Hijacking Context in Large Multi-modal Models
This addresses a limitation in LMMs for applications requiring reliable multi-modal understanding, but it is incremental as it builds on existing models and methods.
The paper tackles the problem of Large Multi-modal Models (LMMs) being misled by incoherent images or text in their input context, causing biased outputs, and proposes a pre-filtering method using GPT-4V to remove irrelevant contexts, with further investigation into replacing hijacked contexts to improve coherence.

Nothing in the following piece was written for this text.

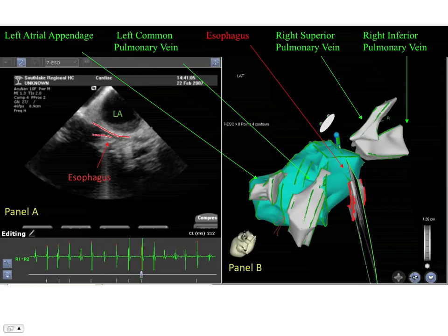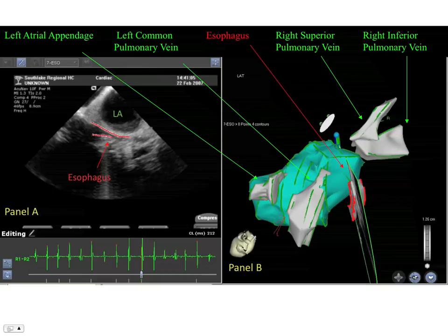This panel shows that we can not only image cardiac structures, but also very important extracardiac structures such as the esophagus. The red lines in the panel on the left outline the esophagus as it courses behind the left atrium. The panel on the right shows the esophagus in 3D space behind the posterior wall of the left atrium. In green, one can see the shell of the left atrium, and in gray, the bodies of the left atrial appendage, left common pulmonary vein, right superior, and right inferior pulmonary veins.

Recently, Large Multi-modal Models (LMMs) have demonstrated their ability to understand the visual contents of images given the instructions regarding the images. Built upon the Large Language Models (LLMs), LMMs also inherit their abilities and characteristics such as in-context learning where a coherent sequence of images and texts are given as the input prompt. However, we identify a new limitation of off-the-shelf LMMs where a small fraction of incoherent images or text descriptions mislead LMMs to only generate biased output about the hijacked context, not the originally intended context. To address this, we propose a pre-filtering method that removes irrelevant contexts via GPT-4V, based on its robustness towards distribution shift within the contexts. We further investigate whether replacing the hijacked visual and textual contexts with the correlated ones via GPT-4V and text-to-image models can help yield coherent responses.